Terror no necrotério
09/05/2017 10:00
Folha da Manhã, Campos dos Goytacazes, 09 de maio de 2017
(TRÊS MATEUSINHOS)
A autópsia
Terror no necrotério
Edgar Vianna de Andrade
 
André Ovreal (não encontro no computador uma forma de cortar o O inicial do seu nome com uma barra) tem uma filmografia magra, mas um bom domínio da câmara. Seu mais recente filme enquanto diretor é “A autópsia”. Olwen Catherine Kelly, a atriz principal, fez três filmes. Seu papel em “A autópsia” é singular. Ela passa o filme inteiro representando uma bela moça morta apenas movimentando discretamente o dedão do pé. Não sei o que dizer. No Face book o que mais aparecem são mulheres mostrando o rosto, o corpo, as unhas pintadas, passando-me a sensação de que é apenas isso que elas têm a apresentar.

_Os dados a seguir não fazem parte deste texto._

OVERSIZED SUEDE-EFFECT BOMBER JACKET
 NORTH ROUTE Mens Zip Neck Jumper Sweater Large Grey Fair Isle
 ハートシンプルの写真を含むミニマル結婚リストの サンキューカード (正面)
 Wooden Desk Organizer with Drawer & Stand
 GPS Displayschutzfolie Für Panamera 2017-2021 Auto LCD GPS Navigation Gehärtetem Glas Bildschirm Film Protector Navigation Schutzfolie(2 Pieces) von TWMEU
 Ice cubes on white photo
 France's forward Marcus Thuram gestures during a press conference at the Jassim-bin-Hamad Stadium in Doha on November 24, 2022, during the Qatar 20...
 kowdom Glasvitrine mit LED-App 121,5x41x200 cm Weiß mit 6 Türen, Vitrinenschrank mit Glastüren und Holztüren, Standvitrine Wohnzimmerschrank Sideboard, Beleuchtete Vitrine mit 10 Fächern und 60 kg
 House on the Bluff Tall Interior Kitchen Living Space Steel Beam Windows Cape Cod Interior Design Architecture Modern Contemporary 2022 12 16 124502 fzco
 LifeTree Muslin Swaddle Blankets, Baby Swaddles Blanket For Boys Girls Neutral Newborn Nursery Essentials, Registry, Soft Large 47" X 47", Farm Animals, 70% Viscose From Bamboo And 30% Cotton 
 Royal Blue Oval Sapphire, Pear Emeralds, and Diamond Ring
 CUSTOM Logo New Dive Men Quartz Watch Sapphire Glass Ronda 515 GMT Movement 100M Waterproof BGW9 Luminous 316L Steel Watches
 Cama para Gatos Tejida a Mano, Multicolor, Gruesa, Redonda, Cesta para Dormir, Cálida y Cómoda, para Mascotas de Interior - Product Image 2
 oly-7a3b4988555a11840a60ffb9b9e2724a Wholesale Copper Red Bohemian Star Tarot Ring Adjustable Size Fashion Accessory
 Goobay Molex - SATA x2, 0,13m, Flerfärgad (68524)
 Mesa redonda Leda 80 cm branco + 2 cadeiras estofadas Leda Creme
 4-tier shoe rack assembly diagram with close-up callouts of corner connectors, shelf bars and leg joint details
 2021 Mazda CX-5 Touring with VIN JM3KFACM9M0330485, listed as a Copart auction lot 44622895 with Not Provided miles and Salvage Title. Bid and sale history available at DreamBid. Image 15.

Talvez seja difícil passar 85 minutos nua, exibindo a beleza corporal, mexendo apenas o dedão do pé rapidamente no final do filme. Talvez seja mais difícil do que se movimentar, falar, interpretar. Mexer o dedão do pé por cinco segundos, se tanto, deve ser uma operação cansativa. Mas “A autópsia” não se limita a uma mulher jovem e nua. O cenário principal é uma sala de autópsia com gavetas para conservar cadáveres. O ambiente em si já é tétrico. O tratamento dos corpos sem vida pelo médico Tommy Tilden (Brian Cox)e por seu filho Austin (Emile Hirsch) é prosaico. Eles destrincham cadáveres como as crianças desmontam brinquedos. A rotina das autópsias deve ser essa mesmo. Médicos que trabalham nessa área tornam-se materialistas e frios mesmo que sejam religiosos.
Nesse aspecto é que se nota o grande contraste: vida (ou morte) natural e vida sobrenatural. O cadáver de Jane Doe (Olwen Catherine Kelly) esconde segredos que transcendem o espaço, o tempo e a vida. O filme mescla a racionalidade do presente com crenças antigas, como as bruxas de Salem, assunto para outros filmes. Dois homens racionalistas e frios por sua profissão acabam sendo obrigados a acreditar em fantasmas por todos os fenômenos que vivenciam na própria carne.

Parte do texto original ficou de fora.